Image-text web data:
□ □ □ □ □
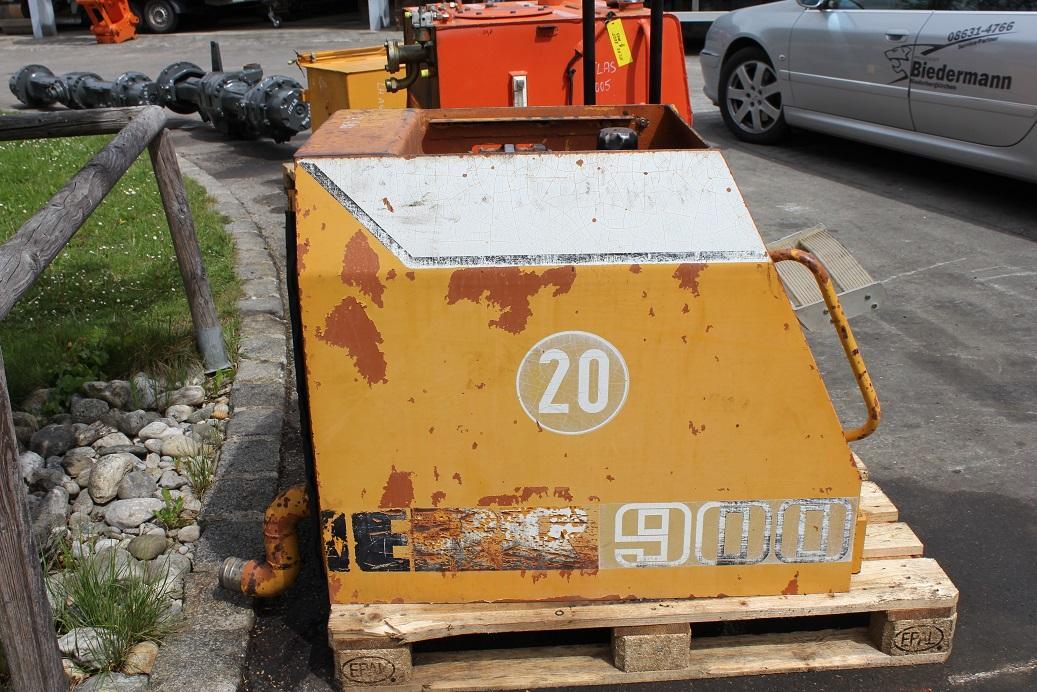 Fuel tank for Excavator Liebherr A900B: picture 7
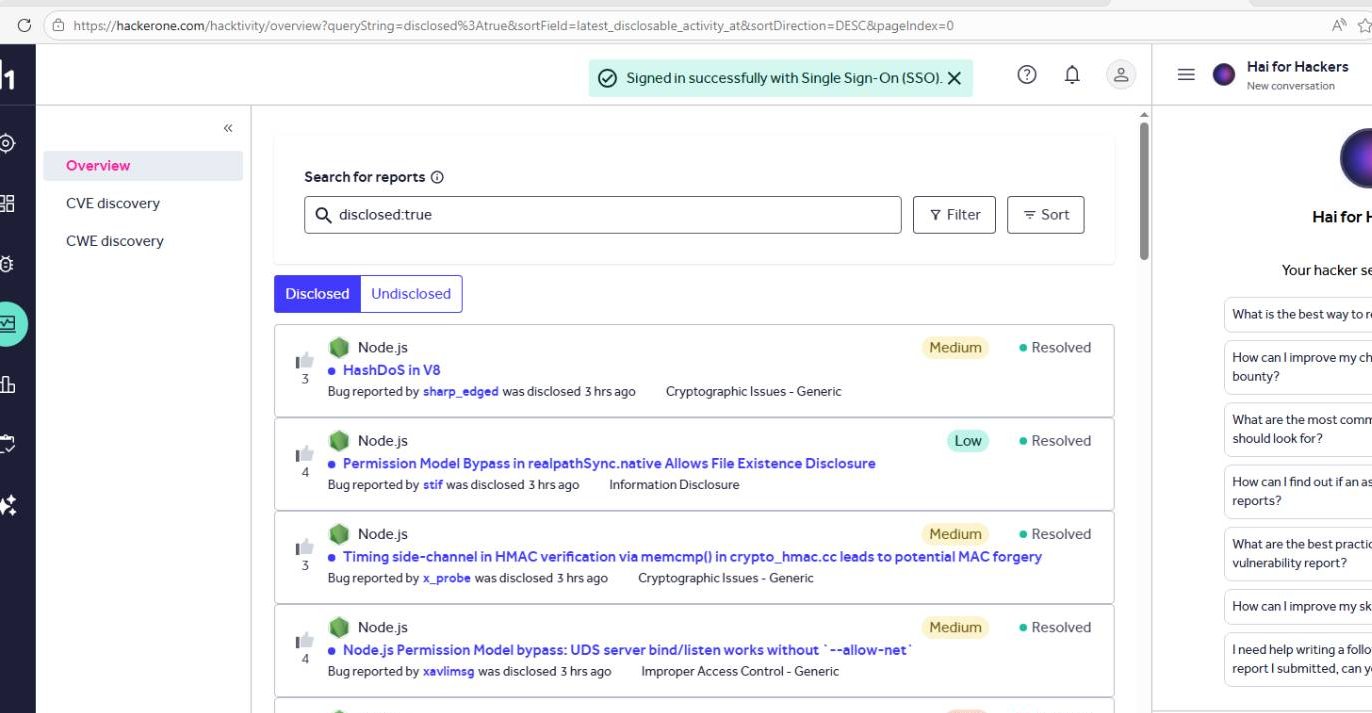 Ilustrasi hacker sedang menganalisis data yang bocor dari Adobe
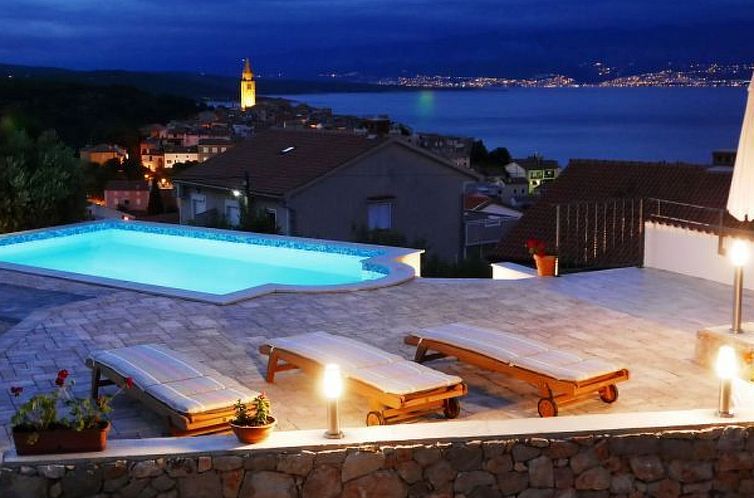 Guest house 1045113 - Apartment Kvarner - Appartement Apartman Višnja  - ID 2106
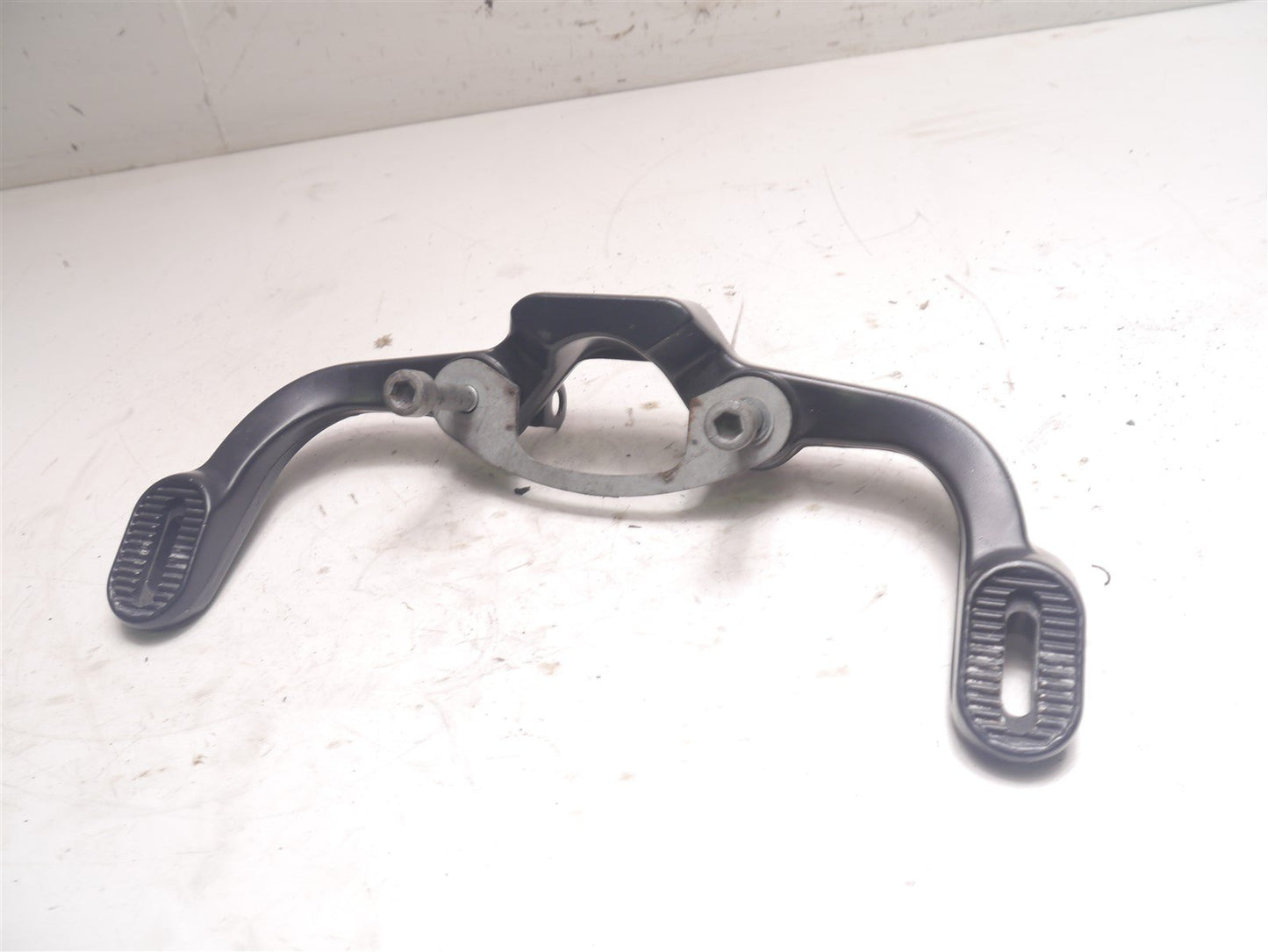 BMW R1100RS R 1100 RS 1993-2001 HANDLEBAR MOUNT BRACKET & BOLTS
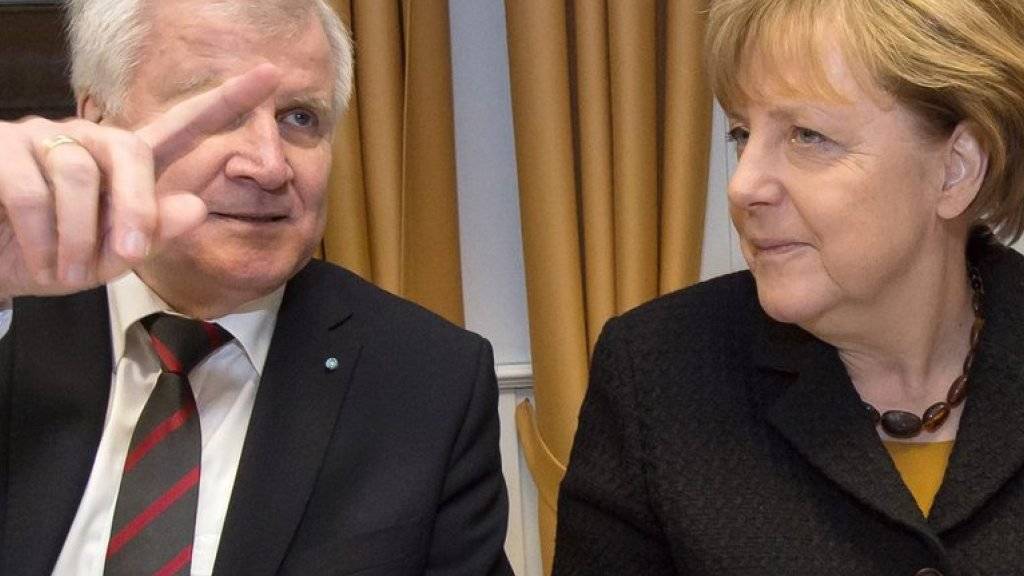 Horst Seehofer und Angela Merkel haben in der Flüchtlingspolitik das Heu nicht auf der gleichen Bühne. (Archivbild)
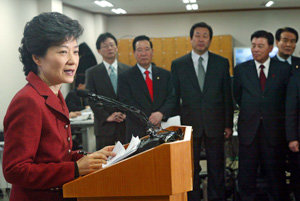 한나라당 박근혜 대표는 19일 신년 기자회견을 갖고 올해를 민생을 살리는 ‘정쟁 없는 한 해’로 만들자고 제안했다. 박 대표는 이를 위해 “언제든지 노무현 대통령을 만나 허심탄회한 대화를 나눌 용의가 있다”고 강조했다. 김동주기자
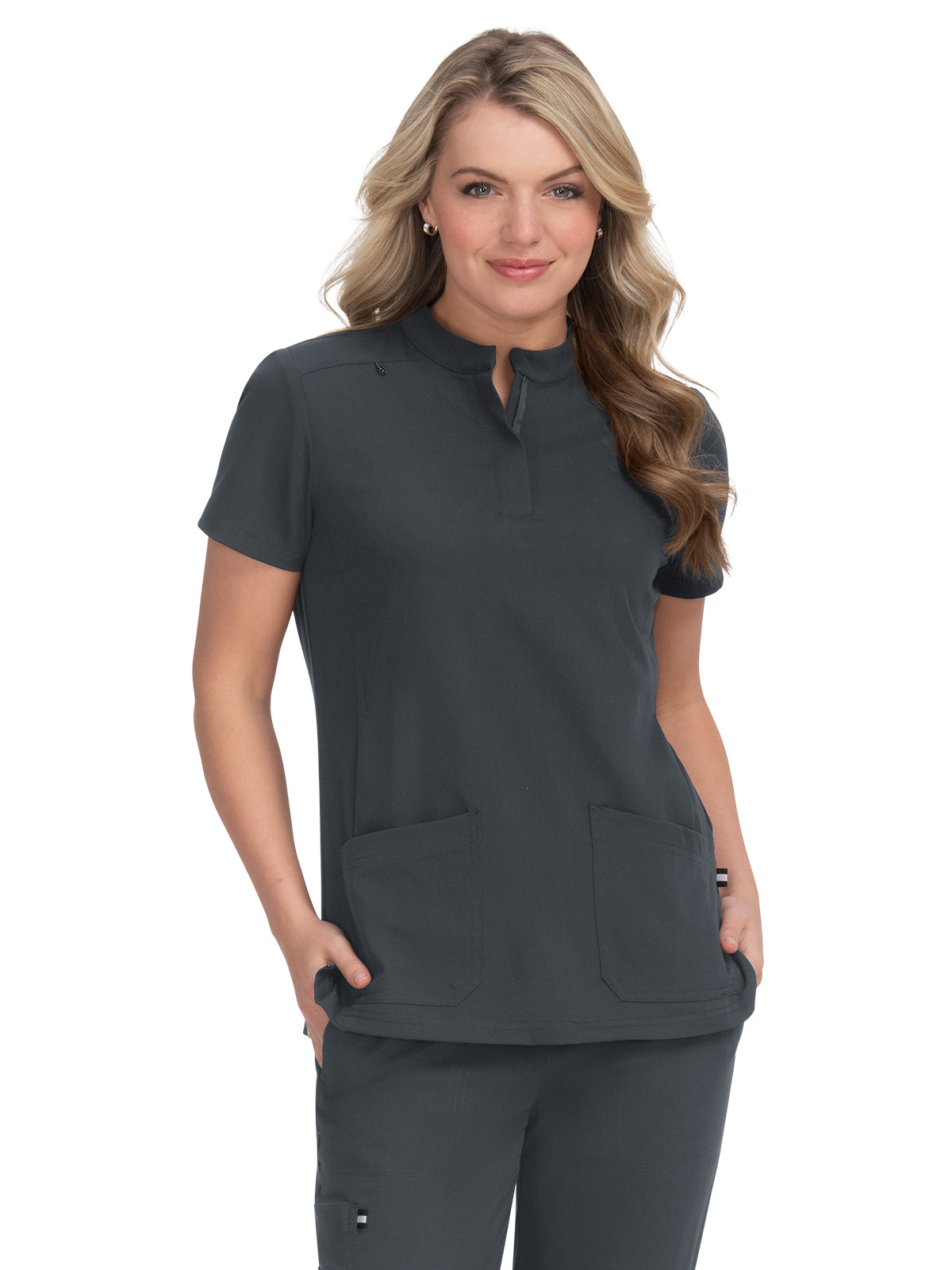 Women's 4-Pocket Zipper-Neck Mandarin Collar Driven Top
□ □ □ □ □
> [Exercise]
Your copy should match the records word for word, with the pictures removed.

> [Task answer]
 Fuel tank for Excavator Liebherr A900B: picture 7
 Ilustrasi hacker sedang menganalisis data yang bocor dari Adobe
 Guest house 1045113 - Apartment Kvarner - Appartement Apartman Višnja  - ID 2106
 BMW R1100RS R 1100 RS 1993-2001 HANDLEBAR MOUNT BRACKET & BOLTS
 Horst Seehofer und Angela Merkel haben in der Flüchtlingspolitik das Heu nicht auf der gleichen Bühne. (Archivbild)
 한나라당 박근혜 대표는 19일 신년 기자회견을 갖고 올해를 민생을 살리는 ‘정쟁 없는 한 해’로 만들자고 제안했다. 박 대표는 이를 위해 “언제든지 노무현 대통령을 만나 허심탄회한 대화를 나눌 용의가 있다”고 강조했다. 김동주기자
 Women's 4-Pocket Zipper-Neck Mandarin Collar Driven Top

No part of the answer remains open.